Iowa ended the season about as well as any team could have. In the last few weeks of the season, the Hawks ran off seven straight wins, with four of those wins coming over teams that ended up as 3-seeds in the NCAA Tournament. Iowa’s win over Michigan in front of a sold-out crowd secured the Hawkeyes a share of the Big Ten regular season title. The win over Indiana in the Big Ten Tournament final helped them become the first Iowa team to ever win the regular season and Big Ten Tournament titles in the same season.

The question now is can Iowa keep the momentum going in the NCAA Tournament? Let’s take a look at the teams that stand between Iowa and a return to the Sweet 16.

Iowa’s First Weekend Opponent(s)

Let's look at each of the other three teams that will play in Iowa City this weekend. First, we'll look at each team’s wins over 12-seeds or better in the NCAA Tournament, to show the quality wins each team has this season. Then we'll look at the team’s results against opponents Iowa has played. Finally, we'll have some closing thoughts on each team.

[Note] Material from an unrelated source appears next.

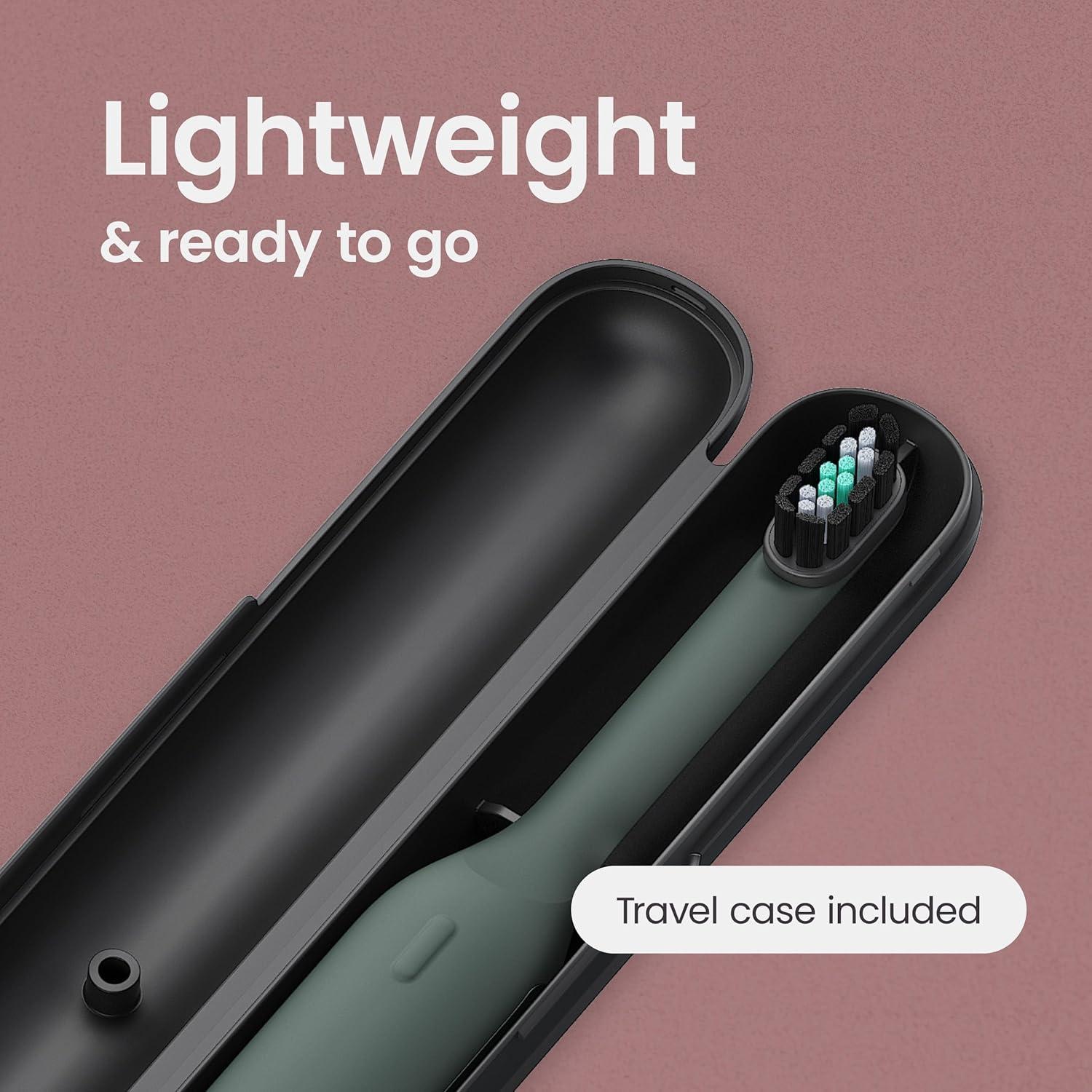 image:imageQuip Ultra Next Generation Smart Toothbrush Timed Electric Toothbrush with Case Replaceable Brush Head Soft Bristles Silicone Handle 30Day Battery Life Travel Toothbrush EclipseGreen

For reference, here are Iowa’s wins against 12-seeds or higher:

1) at 3-seed Indiana, 2) vs. 3-seed Indiana, 3) neutral vs. 3-seed Indiana, 4) vs. 3-seed Michigan, 5) at 8-seed Nebraska, 6) vs. 8-seed Nebraska, 7) neutral vs. 8-seed Nebraska, 8) vs. 7-seed UCF

15-seed Illinois State

Wins against 12-seeds or higher: 1) at 11-seed Missouri State

Common opponents: Purdue-L-76-64; Wisconsin-L-70-60; Evansville-W-87-68; Northern Iowa-L-74-67; Evansville-W-75-60; Northern Iowa-L-70-63; Northern Iowa-W-50-48

The Redbirds weren't expected to be an NCAA Tournament team. They went into the Missouri Valley Conference Tournament as the 4-seed and needed to win the tournament to qualify for the NCAA Tournament. They did just that, defeating Loyola, Southern Illinois, and Northern Iowa over a three-day period.

There's a reason it took that conference tournament run for Illinois State to make the NCAA Tournament. The Redbirds are just 18-13 on the season, and their only win of note was over a Missouri State team that barely made the tournament. 

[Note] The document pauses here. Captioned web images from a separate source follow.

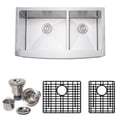 thumbnail image 1 of Wells Sinkware NCU3621-10L-AAP-1 36 in. Handcrafted 16 Gauge Arched Apron Front Farmhouse 60-40 Double Bowl Stainless Steel Kitchen Sink with Grid Racks & Basket Strainers, 1 of 2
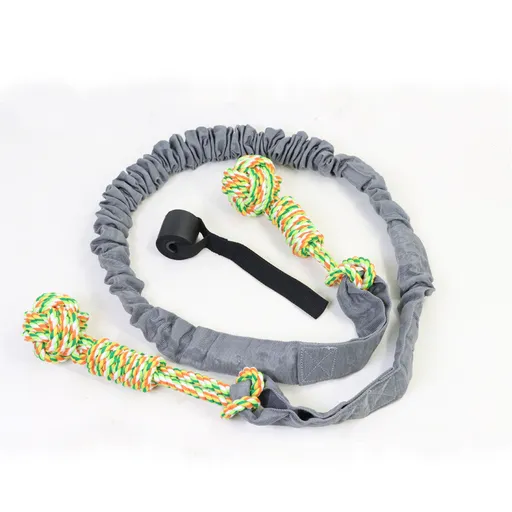 Grey And Colored Cotton Balls Interactive Bungee Dog Tug Toy - Hanging Rope Ball for Solo Play & Exercise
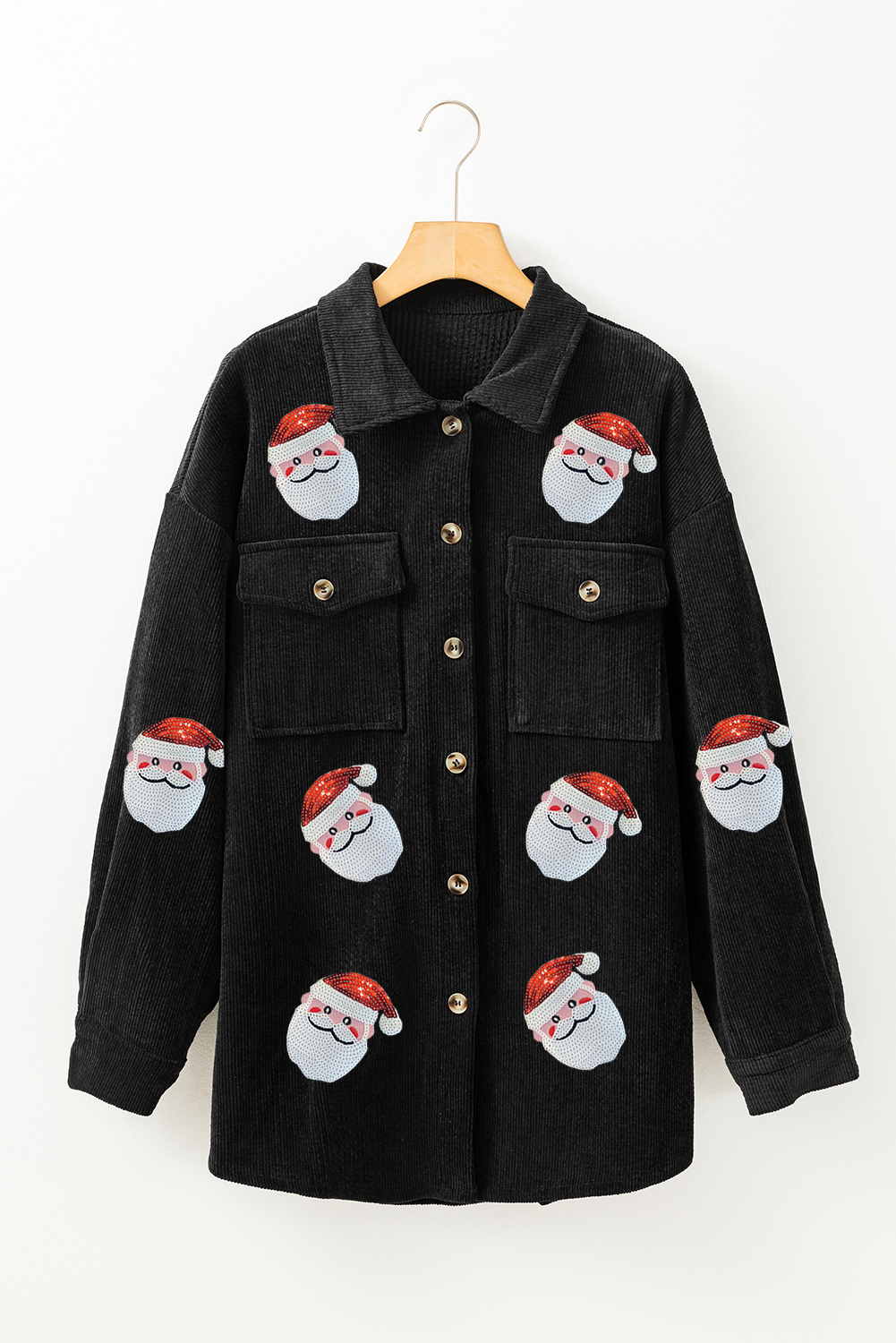 Black Sequin Father Christmas Graphic Button Down Ribbed Shacket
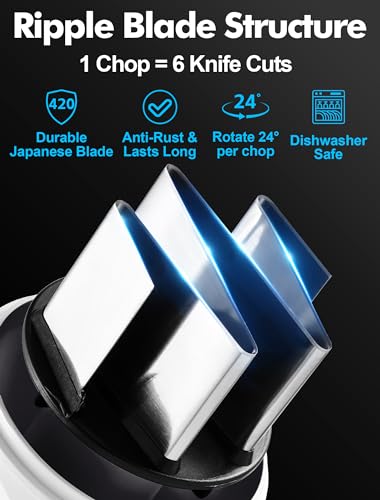 Image of Food Chopper, Hand Chopper Dicer Easy to Clean, Manual Slap Vegetable Chopper Onion Cutter, Garlic Chopper Mincer for Onion, Nut, Tomato, Pepper, Celery, etc, White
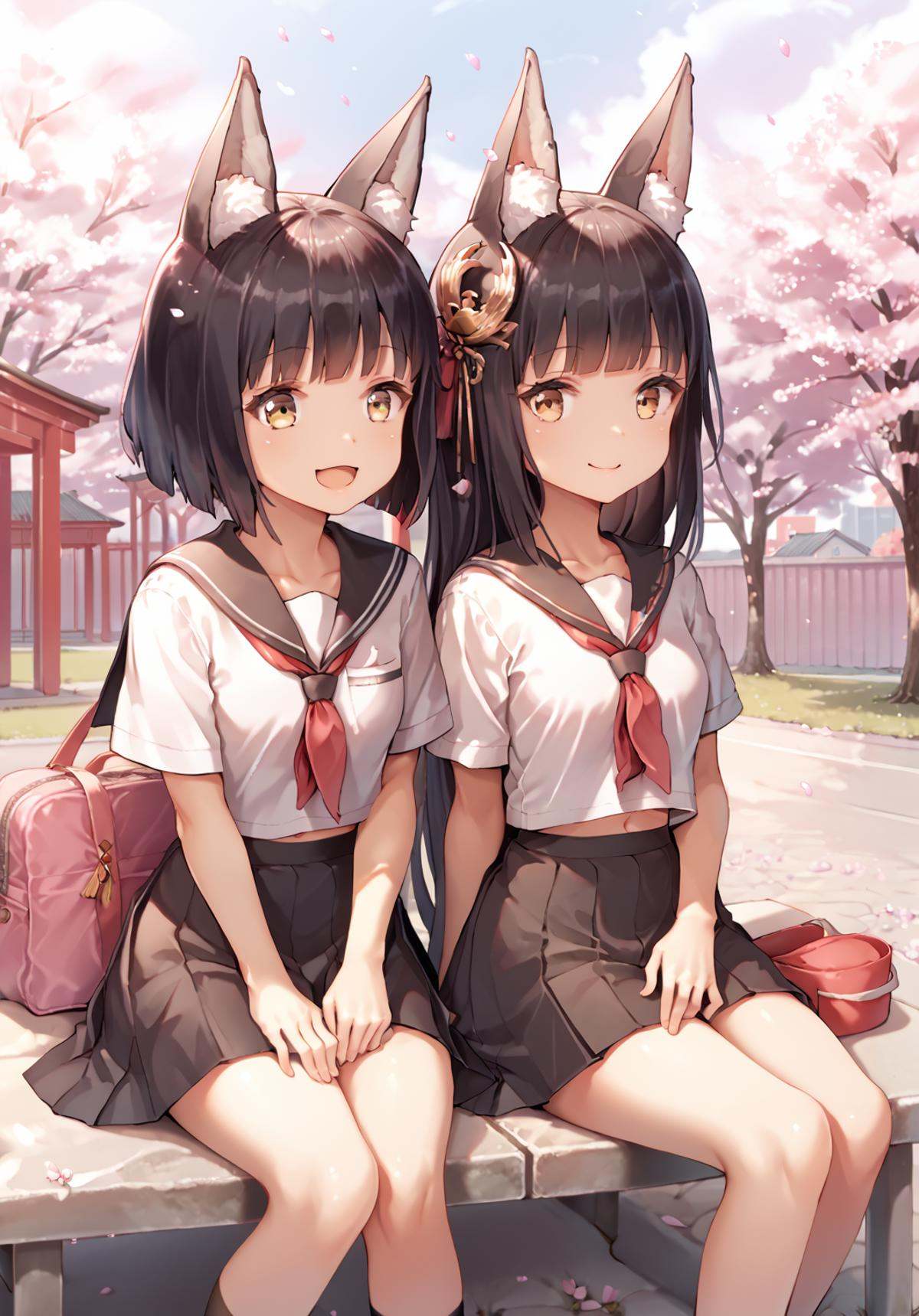 <lora:nagato&mutsu_pony_v0.2:0.8>,mutsu \(azur lane\), nagato \(azur lane\),2girls, short hair, long hair,fox ears,black hair,serafuku, school uniform,black  skirt, sitting, outdoors, cherry blossoms,happy,, score_9, score_8_up, score_7_up, source_anime,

Digging into their numbers (as provided by, what stands out most about Illinois State is their efficiency. They rate 65th or better (out of 356 teams) in two-point and three-point field goal percentage. They only average 64.4 points per game, however, because most of their opponents play at a very slow pace. 

On the negative side, the Redbirds aren't a good defensive team, as their points surrendered per 100 possessions ranks 258th (which is actually a fair bit worse than Iowa's rating in that stat, if you can believe it). The Redbirds also don't hit the offensive glass particularly well, as their offensive rebound rate ranks 299th. 

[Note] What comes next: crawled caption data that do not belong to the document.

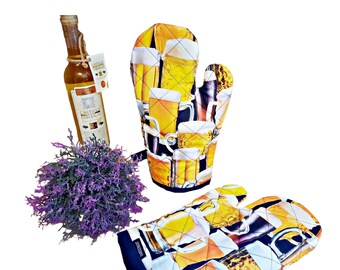 1 Pair Oven Mitts Pot Holders Kitchen Accessories Pattern Beer Glasses Special Susybee Patchwork Fabric Gift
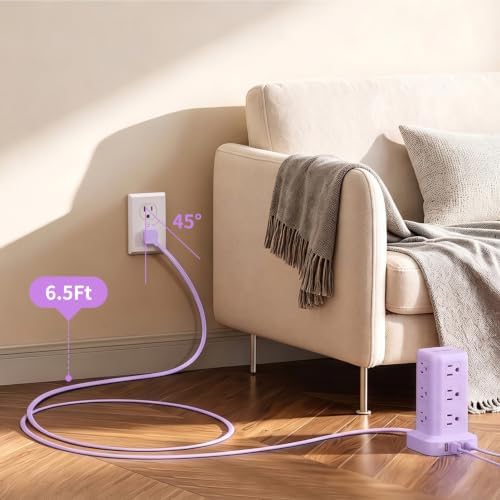 Extension Cord with Multiple Outlets, SMALLRT Power Strip Tower, Outlet Extender with 12 AC Outlets 4 USB, 6.5FT Extension Cord for Home Dorm Room, Office Supplies, Purple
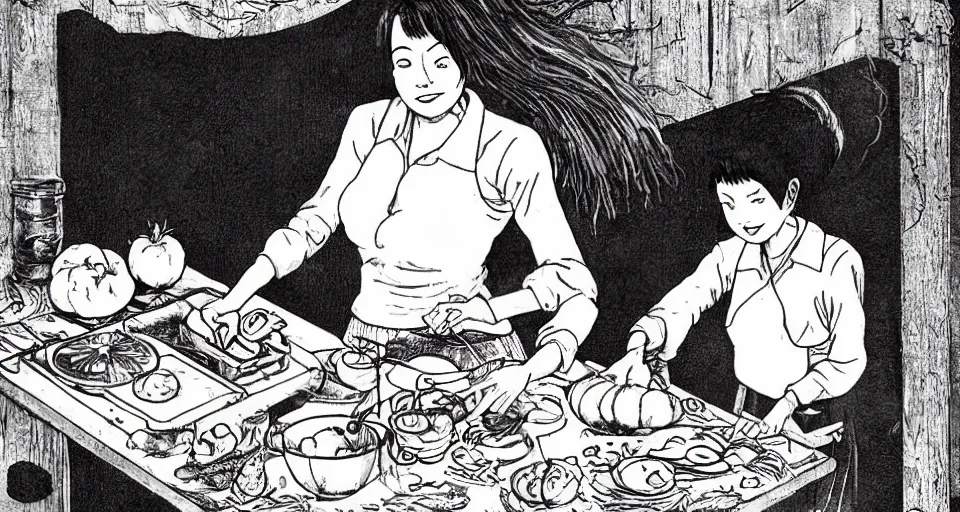 Image similar to Woman in kitchen making a tomato and corn pie in the style of Junji Ito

Iowa's game against Illinois State will be all about pace of play. If the Hawks can get stops and push in transition, they should have plenty of opportunities against a weak Illinois State defense. If Illinois State can slow things down, the Redbirds might be able to make enough shots to keep the game interesting longer than it should be.

In terms of a comparable team that Iowa has played, Northern Iowa seems best. The Panthers actually had a slightly better offense and defense than the Redbirds, and beat them in their first two games, but the Redbirds got revenge in the conference tournament when it mattered most. 

10-seed Creighton

Wins against 12-seeds or higher: 1) at 10-seed Arkansas, 2) at 11-seed DePaul, 3) vs. 11-seed Villanova (without its best player)

Common opponents: Nebraska-L-67-62; UNI-W-79-72

Unlike Illinois State, Creighton went one and done in its conference tournament, but made the NCAA Tournament as an at-large team thanks to a 20-9 season. As you can see, the Bluejays had a couple more notable wins than Illinois State, but those mostly came against lower level at-large tournament teams, and one came against Villanova while its best player was out. 

Like Illinois State, Creighton's offense is what stands out most about the team. The Bluejays rank 8th in the country in two-point field goal percentage and 11th in three-point field goal percentage. The three-point number is especially notable, because the Bluejays rank 12th in the country in three-pointers attempted, and 5th in three-pointers made. They are also one of the higher-scoring teams in the country. 

Creighton's weaknesses (defense and offensive rebounding) are also similar to Illinois State. The Bluejays rank 190th in points surrendered per 100 possessions, and rank 180th in offensive rebounding rate. 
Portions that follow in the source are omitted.